Re: Performance issue: initial git clone causes massive repack

Nicolas Pitre <nico@xxxxxxx> · Tue, 14 Apr 2009 16:17:55 -0400 (EDT)

On Tue, 14 Apr 2009, Johannes Schindelin wrote:

> Hi,
> 
> On Fri, 10 Apr 2009, Robin H. Johnson wrote:
> 
> > On Wed, Apr 08, 2009 at 12:52:54AM -0400, Nicolas Pitre wrote:
> > > > http://git.overlays.gentoo.org/gitweb/?p=exp/gentoo-x86.git;a=summary
> > > > At least that's what I cloned ;-) I hope it's the right one, but it fits
> > > > the description...
> > > OK.  FWIW, I repacked it with --window=250 --depth=250 and obtained a 
> > > 725MB pack file.  So that's about half the originally reported size.
> > The one problem with having the single large packfile is that Git
> > doesn't have a trivial way to resume downloading it when the git://
> > protocol is used.
> > 
> > For our developers cursed with bad internet connections (a fair number
> > of firewalls that don't seem to respect keepalive properly), I suppose
> > I can probably just maintain a separate repo for their initial clones,
> > which leaves a large overall download, but more chances to resume.
> 
> IMO the best we could do under these circumstances is to use fsck 
> --lost-found to find those commits which have a complete history (i.e. no 
> "broken links") -- this probably needs to be implemented as a special mode 
> of --lost-found -- and store them in a temporary to-be-removed 
> namespace, say refs/heads/incomplete-refs/$number, which will be sent to 
> the server when fetching the next time.  (Might need some iterations to 
> get everything, though.)

Well, although this might seem a good idea, this would help only in 
those cases where there is at least one complete revision available, 
i.e. no delta needed.

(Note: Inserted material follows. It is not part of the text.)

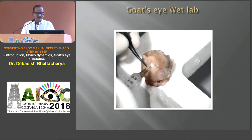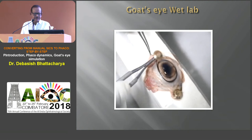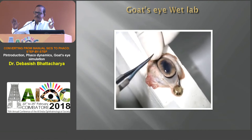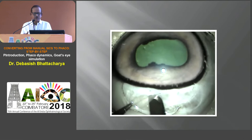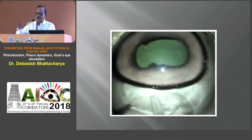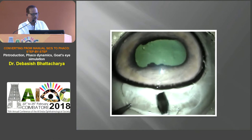Wet labs are extremely important. The goat's eye is freely available in the market — take a thermocool box, fix it — this is the biggest, easiest simulation you can have in our Indian context. Here we are doing a scleral tunnel and the sclerocorneal valve, in the style of our SICS, which is a popular brand of cataract surgery here. You can practice rexis — far better than practicing over a boiled potato or cigarette wrapper — this gives you the best feel.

This is usually true for the top commit after a 
repack which objects are all stored at the front of the pack and serve 
as base objects for deltas from subsequent (older) commits.  Thing is, 
that first revision is likely to occupy a significant portion of the 
whole pack, like no less than the size of the equivalent .tar.gz for the 
content of that commit.  To see what this represents, just try a shallow 
clone with depth=1.  For the Linux kernel, this is more than 80MB while 
the whole repo is in the 200MB range.  So if your connection isn't 
reliable enough to transfer at least that amount then you're screwed 
anyway.

Independently from this, I think there is quite a lot of confusion here.  
According to Robin, the reason for splitting the large Gentoo repo into 
multiple packs is apparently to help with the resuming of a clone.  We 
know that the git:// protocol is currently not resumable, and having 
multiple packs on the remote server won't change the outcome in any way 
as the client still receives a single big pack anyway.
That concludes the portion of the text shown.